Факт – в России Джармуша любят. В России любят вообще все томное, длительное, маняще-загадочное и недосказанное, свидетельство чему засилье магического реализма, Коэльо, Борхеса и прочих разных Кар Ваев и Макс Фраев в гуманитарных умах. Это очевидно, точно так же как то, что "Пределы контроля" в широком прокате стоило бы переименовать в "Пределы терпения". Или как то, что нюансы восприятия фильма так и тянет сравнить с эпизодом, когда герой Де Банколе идет в мадридский Музей королевы Софии и целую вечность смотрит на полотно, к которому приклеена грязная простыня (и ведь будут в рецензиях сравнивать, хватая радостно пряник, подброшенный режиссером).

Поздний Джармуш все больше напоминает Линча, только лишенного фирменных шаманских кошмаров последнего. Киносон, в который под уводящий в сторону ритм режиссерского бубна погружается даже самый стойкий зритель, – это сон дурной, послеполуденный, нервный. "Мне, пожалуйста, два эспрессо в две разные чашки. Да, вы правильно поняли - два эспрессо в две разные чашки" – как перкуссия, оживляющая странный гул золотистой экранной реальности.

Еще одна приходящая на ум ассоциация при виде всех этих испанских узоров, при мерном звуке жужжания на саундтреке гениальных японцев Boris – это ранний Пелевин, почему-то усталый и накачанный седативными препаратами. Хотелось бы верить, что бумажки с сакральными символами, которые поедает главный герой, негр, чуть раговорчивей Гордона Фримена, не пропитаны ЛСД – иначе все объясняется слишком уж скучно.
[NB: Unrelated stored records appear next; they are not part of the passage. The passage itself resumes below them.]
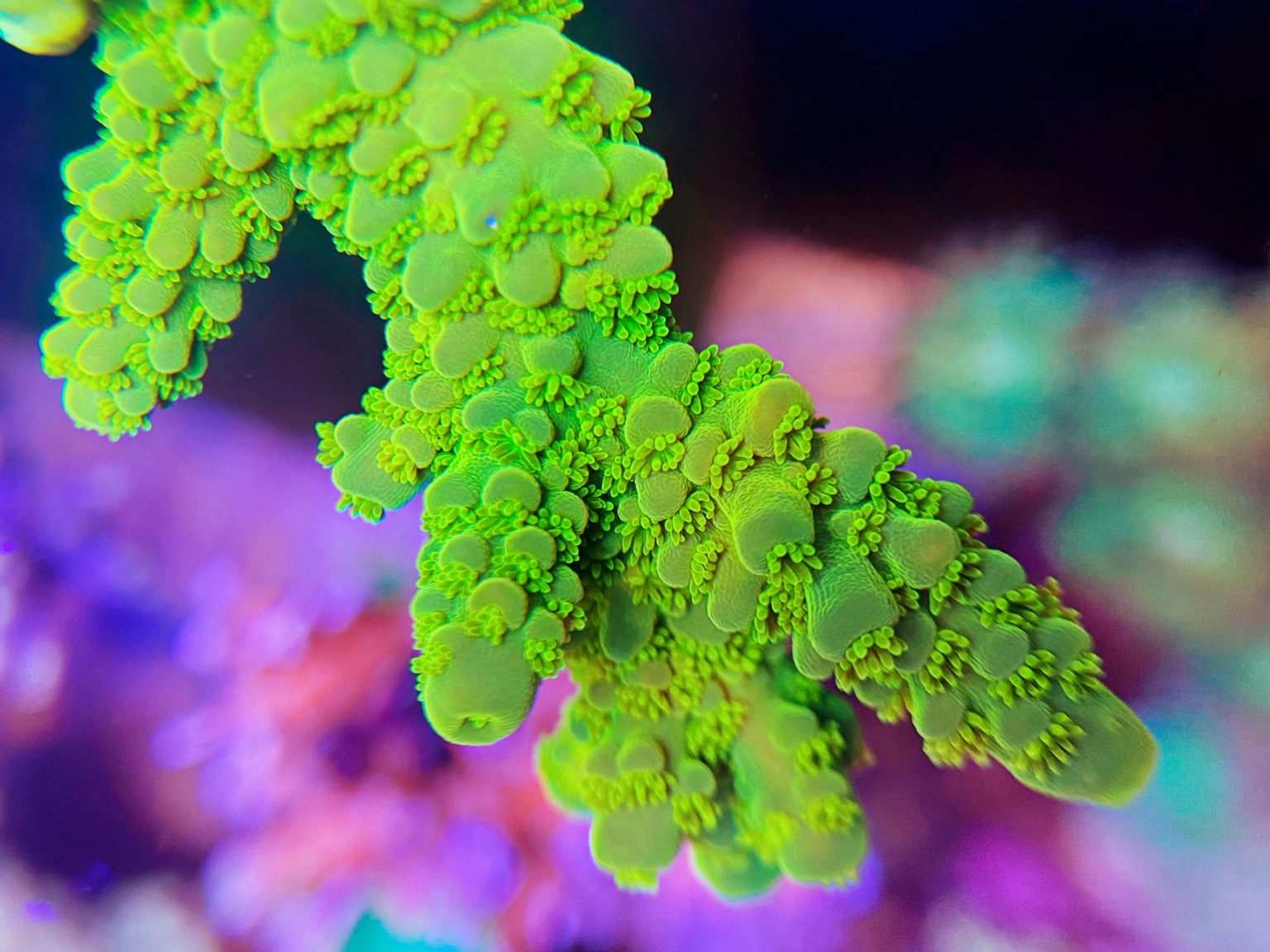 grønne sps koraller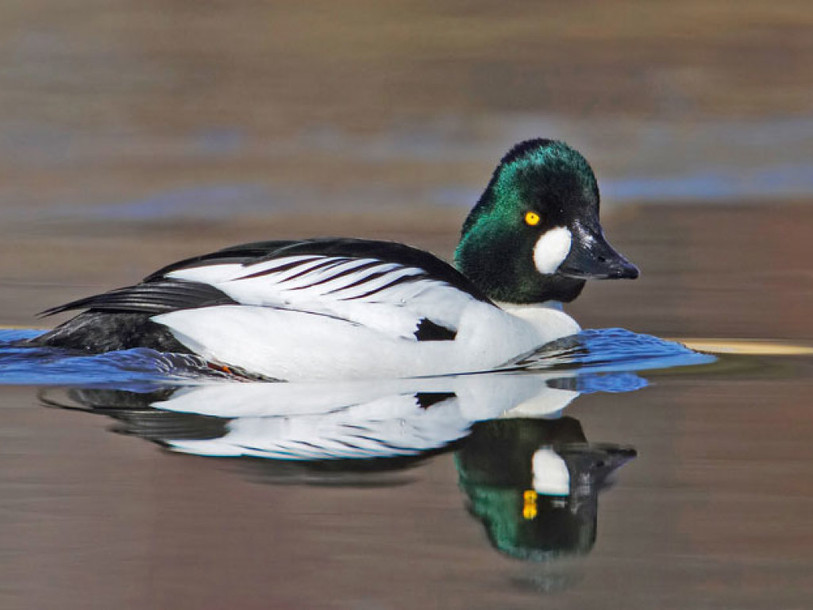L'hiver clément retient des oiseaux migrateurs en Suisse
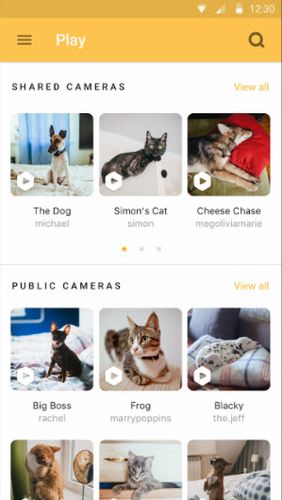 Screenshots of Petcube program for Android phone or tablet.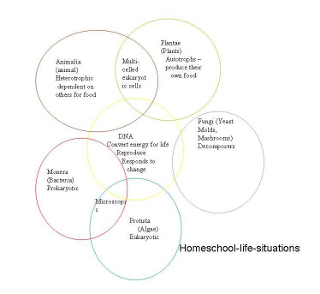 Venn diagram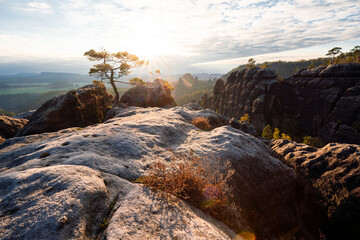 Sonnenuntergang am Lehnsteig Sandstein Berg im Nationalpark Sächsische Schweiz in Sachsen...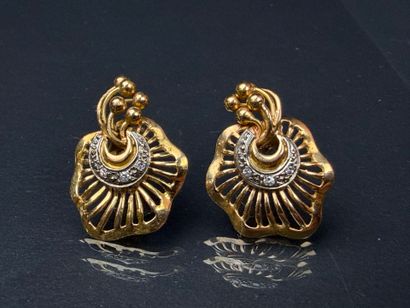 Paire de boucles d'oreilles pour oreilles...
"Тому, кто считает себя важнее других - место на кладбище. Там он поймет, что такое жизнь на самом деле - горстка праха" – для верности эту фразу однажды даже вам пропоют, чтобы точно уже она легла на подкорку зрителя, подзабывшего за пятнадцать, простите, лет, нехитрые максимы "Мертвеца", комично развитые до абсурда в "Псе-призраке". Этот же фильм, без конца, без начала, не приводит протагониста к "месту, откуда приходят все духи", не дает ему самурайски погибнуть во имя хозяина, или обрести сына.
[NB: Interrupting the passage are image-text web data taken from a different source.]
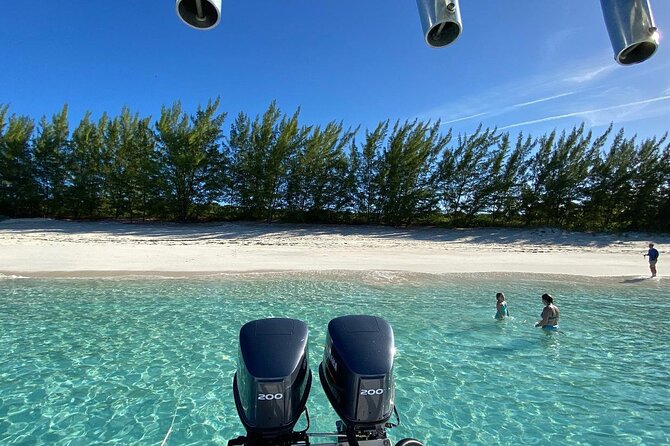 5 Hours Pigs and Turtles with Beach Stop in Bahamas - Who will enjoy this tour most?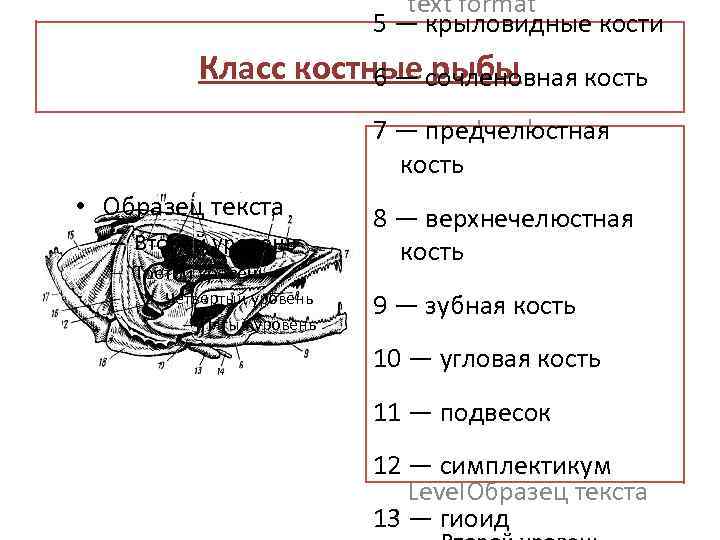 Схема строения черепа костистой рыбы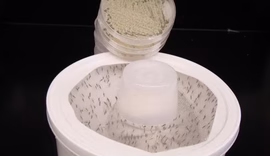 Cientistas criam fungo com aroma floral que elimina mosquitos da dengue, malária e zika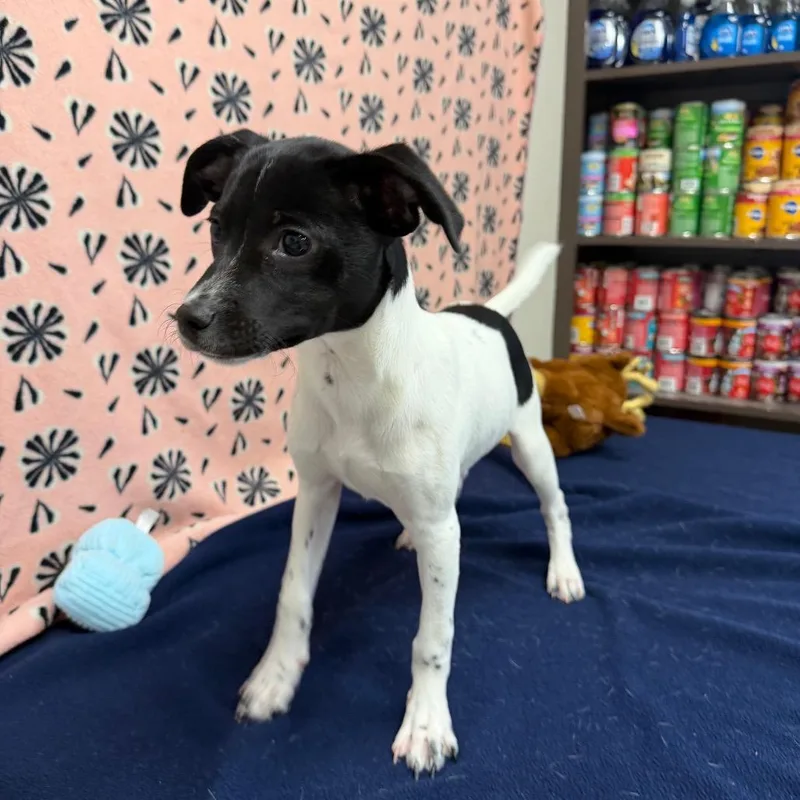 Sundance Kid thumbnail 2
Иными словами, Джармуш описал полный уроборический круг длиной в два десятилетия и, кажется, возвратился к первичной форме своего повествования, эпохе дрожащей ч/б пленки и хриплой "I put a spell on you", к дурной бесконечности человеческой суеты. Регламентированный экранный сон завершился, мы выходим из здания кинотеатра и обнаруживаем, что сон никогда не кончался.

"Пределы контроля" играют, переливаются чешуйками-лицами, возникает внезапно Билл Мюррей, последнее время играющий, кажется, только самого себя, появляется Тильда Суинтон в странном платиновом парике, неизвестная девица в очках пытается соблазнить протагониста, но, кажется, ему до такой же степени наплевать на неё, как Джармушу на реакцию зрителя. Все равно будут смотреть, все равно ведь поймут – те, кому надо. Те, кто именно за этим и ходит в кино.
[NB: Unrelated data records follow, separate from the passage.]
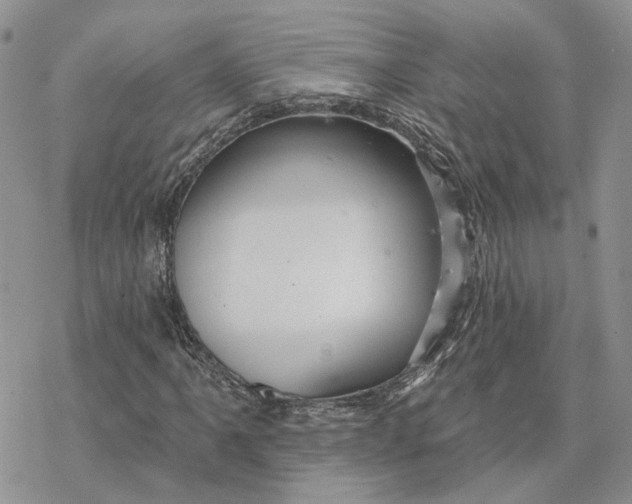 X0000078271061200611251348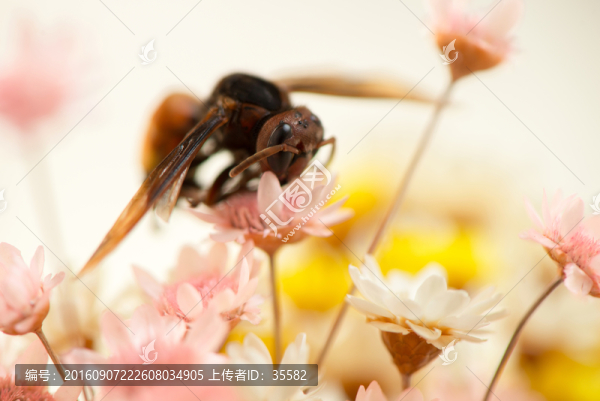 蜜蜂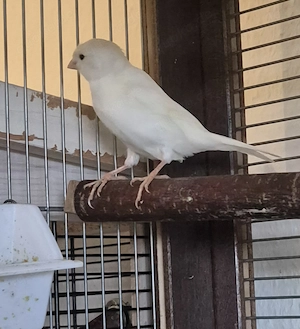 Suche Vögel  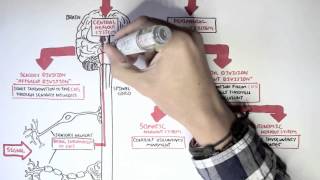 Neurology  Divisions of the Nervous System [upl. by Matthias603]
Призрак поэта Анри Мишо перед титрами "Мертвеца", лучшей работы ДД, советовал дружески, очень серьезно, никогда не путешествовать с мертвецом. Все хотели и, возможно, хотят до сих пор, снимать как Джармуш и Линч, но все тайное становится явным, и любая подделка проваливается, даже если ты переигрываешь Тома Уэйтса и зовешь это Billy's band. Отличие гениев – в том, что снимают они всегда только образы в собственной пустоте, причем даже не для себя, а для нее самой. Замкнутый круг, хотя да, бесцельное бесконечное путешествие выходит у Джармуша слишком буквальным и безнадежным.

"Отражения порой кажутся мне реальней самих предметов", - говорит в кадре Гаэль Гарсия Берналь и многозначительно замолкает.

Никогда не путешествуйте с мертвецом.